When Hicks returned to the 18th fairway, the tournament was on the line. Four players were done at 18-under and hoping for a playoff. Gomez had a shot to reach 19-under as well. A bogey by the leader would have resulted in a playoff.

Gomez' second shot came up short in a greenside bunker, essentially ending his chances.

That left it up to Hicks. With the ball slightly below his feet, Hicks' 7-iron from 173 yards landed a little bit right of his aiming point, but was nearly perfect, stopping pin high and three feet away.

"I don't like looking at the leaderboard. I just try to play my best golf," he said. "I'm out there playing a game and if it's good enough, it's good enough."

This time, it was plenty good enough.

Fourth-Round Notes:

• Rookie Scott Stallings posted an 8-under 63 today. Prior to this week, Stallings' best score of the year was a 68. This week he carded rounds of 67-67-73-63. Stallings bogeyed the final hole today and finished at 16-under 270, T7. Stallings' career-best round was a 10-under 62 in the second round of the 2008 Chattanooga Classic.

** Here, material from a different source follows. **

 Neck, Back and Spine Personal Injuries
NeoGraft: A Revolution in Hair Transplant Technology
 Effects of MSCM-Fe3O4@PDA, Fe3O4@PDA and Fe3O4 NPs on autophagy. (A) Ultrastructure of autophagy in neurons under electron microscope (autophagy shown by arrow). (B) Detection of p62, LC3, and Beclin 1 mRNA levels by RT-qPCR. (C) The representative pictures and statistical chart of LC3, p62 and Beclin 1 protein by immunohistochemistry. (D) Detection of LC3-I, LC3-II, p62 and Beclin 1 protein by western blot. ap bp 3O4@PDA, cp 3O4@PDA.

Scott Sterling aced the 191-yard 6th hole today using a 7-iron. Sterling posted a 9-under 62, the low round of the day, to finish at 16-under 270. The hole-in-one is the sixth for Sterling and his fourth in competition. Three of his four aces have come on the Nationwide Tour and one was in the PGA TOUR Qualifying Tournament. His last ace came in the second round of the 2004 LaSalle Bank Open. On a side note, Sterling was playing with Bronson La'Cassie, who had an ace of his own during Saturday's third round at Bright's Creek Golf Club.

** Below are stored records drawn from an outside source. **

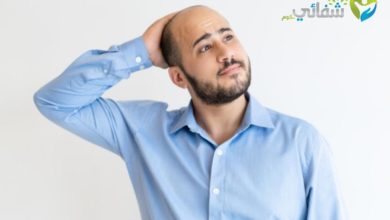 أسباب الصلع عند الرجال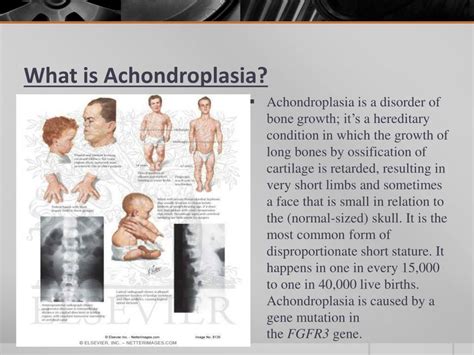 Dwarfism Symptoms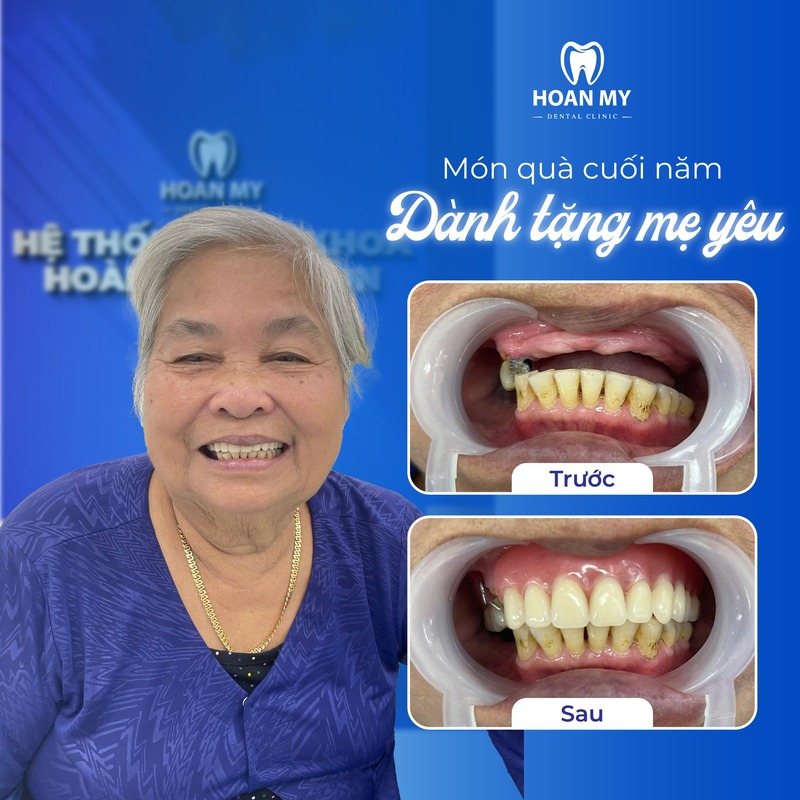 Khách hàng sử dụng dịch vụ răng giả tháo lắp tại Hoàn Mỹ Sài Gòn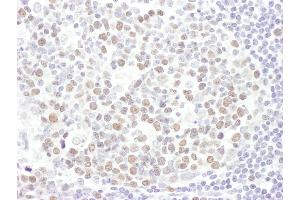 anti-Enhancer of Zeste Homolog 2 (EZH2) (AA 696-746) antibody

• Rookie Jamie Lovemark continues his stellar season with a T2 finish this week, his fourth top-5 finish in 8 starts. Lovemark moves from No. 12 to No. 8 on the money list.

Kevin Chappell, who bogeyed the final hole to wind up in a four-way tie for second place, still earned $39,600, enough to jump him into the No. 1 spot on the money list. Chappell, winner of the Fresh Express Classic at TPC Stonebrae a month ago, has pocketed $190,621, $4,328 more than Bobby Gates, who had held the top spot since winning the season-opening Michael Hill New Zealand Open.

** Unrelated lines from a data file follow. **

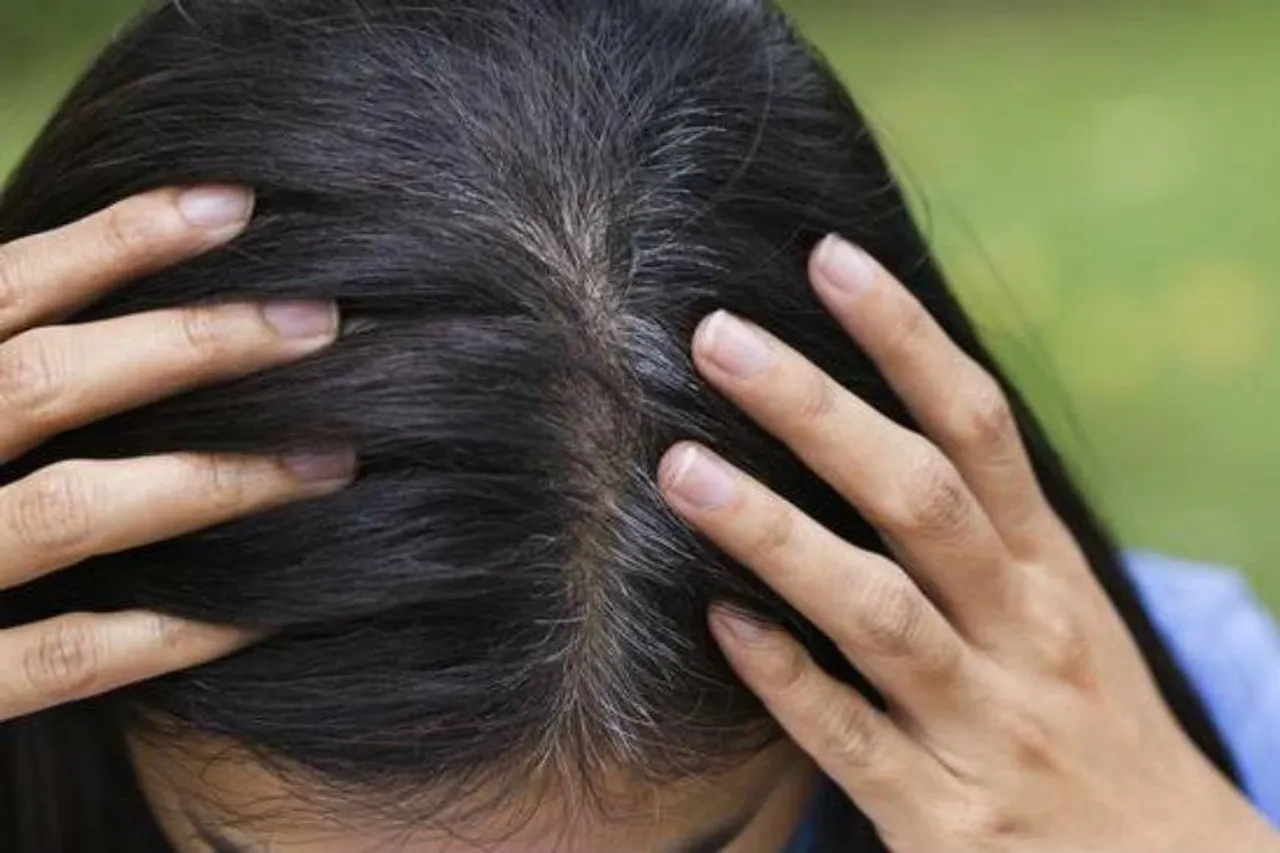 অকালে চুল পেকে যাচ্ছে?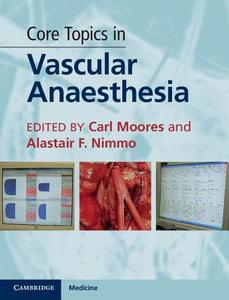 Core Topics in Vascular Anaesthesia di Carl Moores edito da Cambridge University Press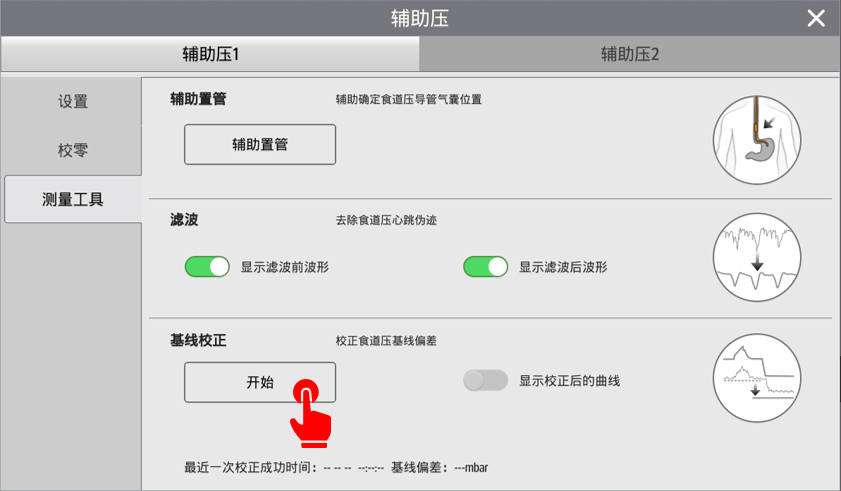 食道压等于胸腔内压吗(2)? 食道压等于胸腔内压吗(2)?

Chris Kirk tied for second this week, his second runner-up finish this year. The 25 year old Georgian has made 8 cuts in 9 starts and has four top-10s thus far. Though he is without a win, Kirk moves up two spots to No. 4 on the money list.

Tommy Gainey's runner-up finish is his career best on the Nationwide Tour. The Bishopville, S.C. resident's previous best was a solo third at the Panama CLARO Championship in February. Gainey moved up 20 places on the money list and is now No. 17.

Course Round 1 Round 2 Round 3 Round 4 Cumulative
Thornblade Club 71.107 70.143 69.182 68.857 69.768
Bright's Creek GC 71.429 70.696 70.818 --- 70.916
Carolina CC 70.500 70.382 70.164 --- 70.349

• Scoring averages for the three courses:

• A total of 14 teams advanced to Sunday's round in the pro-am portion of the tournament. The team of Scott Gutschewski and amateur Rolf Klam finished at 47-under par for four days, four shots better than pro Rob Oppenheim and major league baseball Hall of Famer Jim Rice.